◆ **TASK ITEM**:
Pictures in the entries below are excluded; copy only the lines from the one containing "Lanciano House |" to the one containing "Park Seo Joon", both included.

◆ **GIVEN RECORDS**:
>>>>
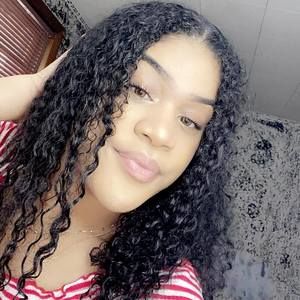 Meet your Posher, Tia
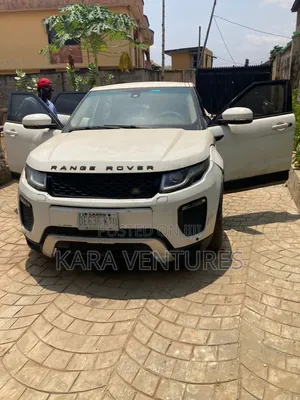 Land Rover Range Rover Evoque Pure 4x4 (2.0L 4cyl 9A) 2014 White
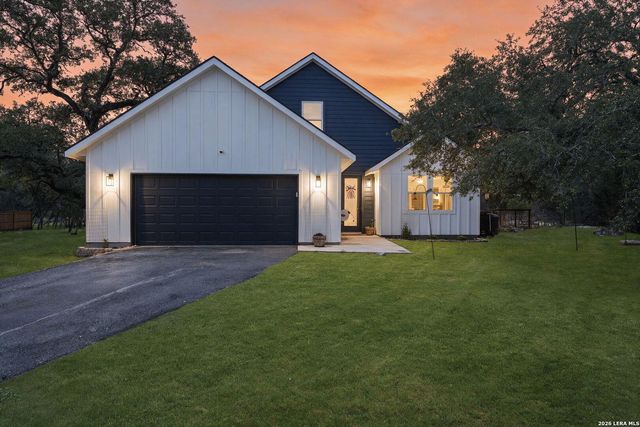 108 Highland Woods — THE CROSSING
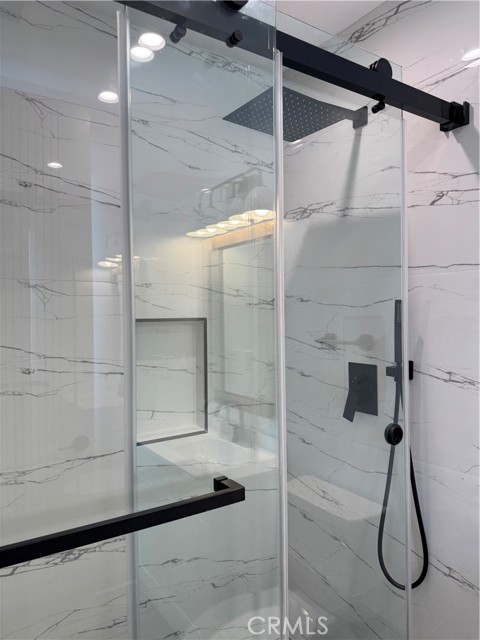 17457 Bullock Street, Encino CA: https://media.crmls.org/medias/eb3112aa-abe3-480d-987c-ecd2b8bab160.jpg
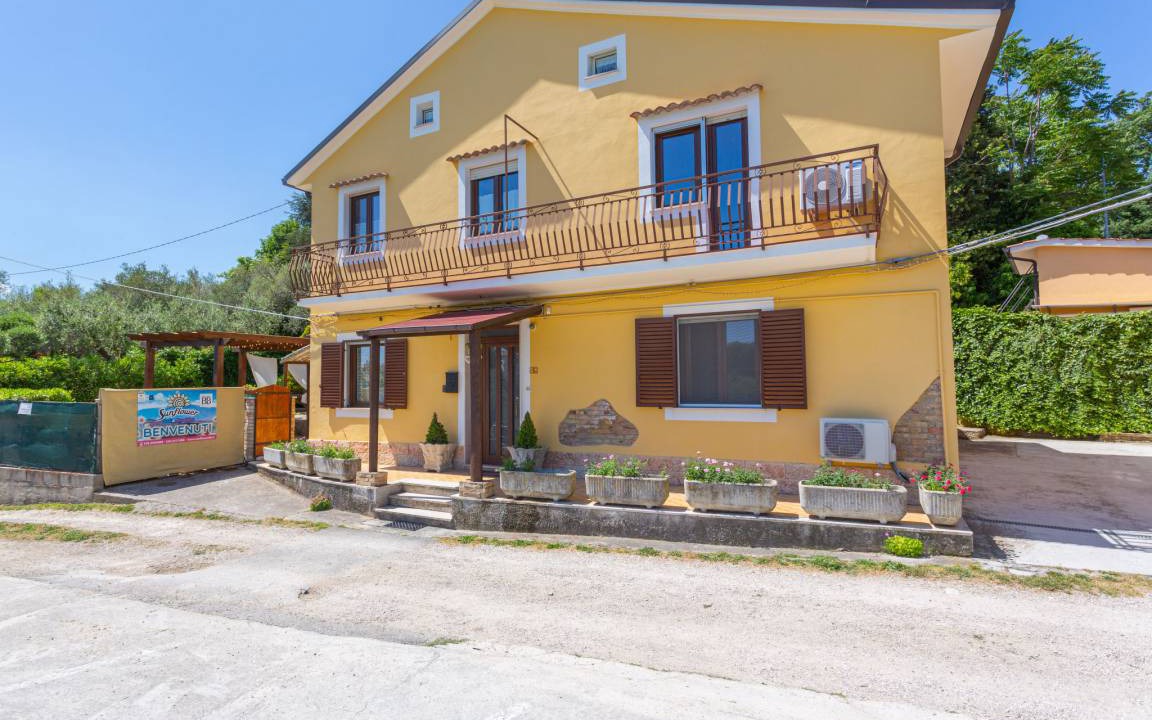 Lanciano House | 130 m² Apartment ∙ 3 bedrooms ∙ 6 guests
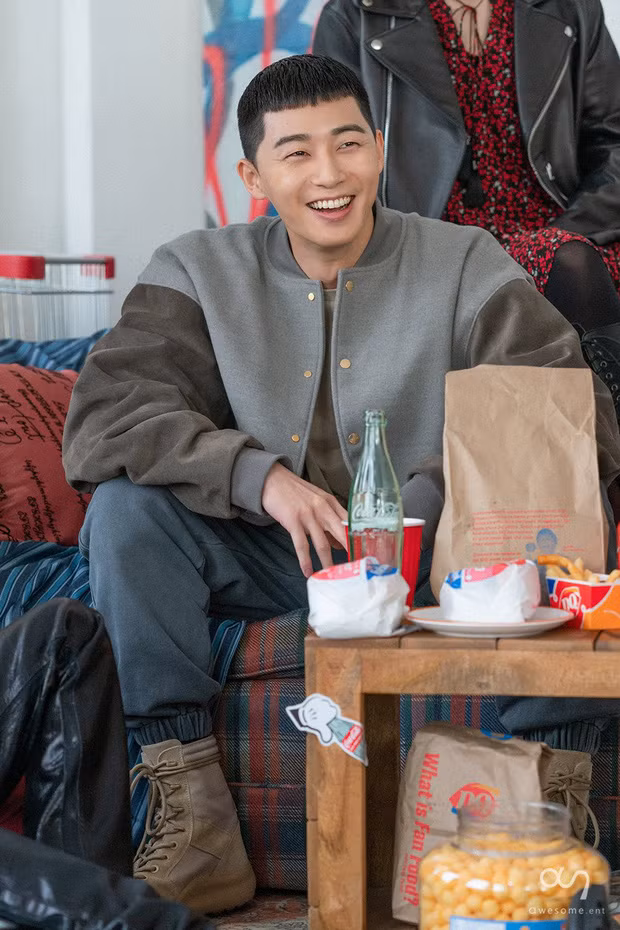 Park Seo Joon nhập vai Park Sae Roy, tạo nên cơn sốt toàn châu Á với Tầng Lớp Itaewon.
<<<<
>>>>
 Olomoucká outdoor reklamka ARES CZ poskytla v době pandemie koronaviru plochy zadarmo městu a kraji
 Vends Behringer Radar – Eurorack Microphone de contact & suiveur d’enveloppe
<<<<
◆ **WRITTEN RESPONSE**:
 Lanciano House | 130 m² Apartment ∙ 3 bedrooms ∙ 6 guests
 Park Seo Joon nhập vai Park Sae Roy, tạo nên cơn sốt toàn châu Á với Tầng Lớp Itaewon.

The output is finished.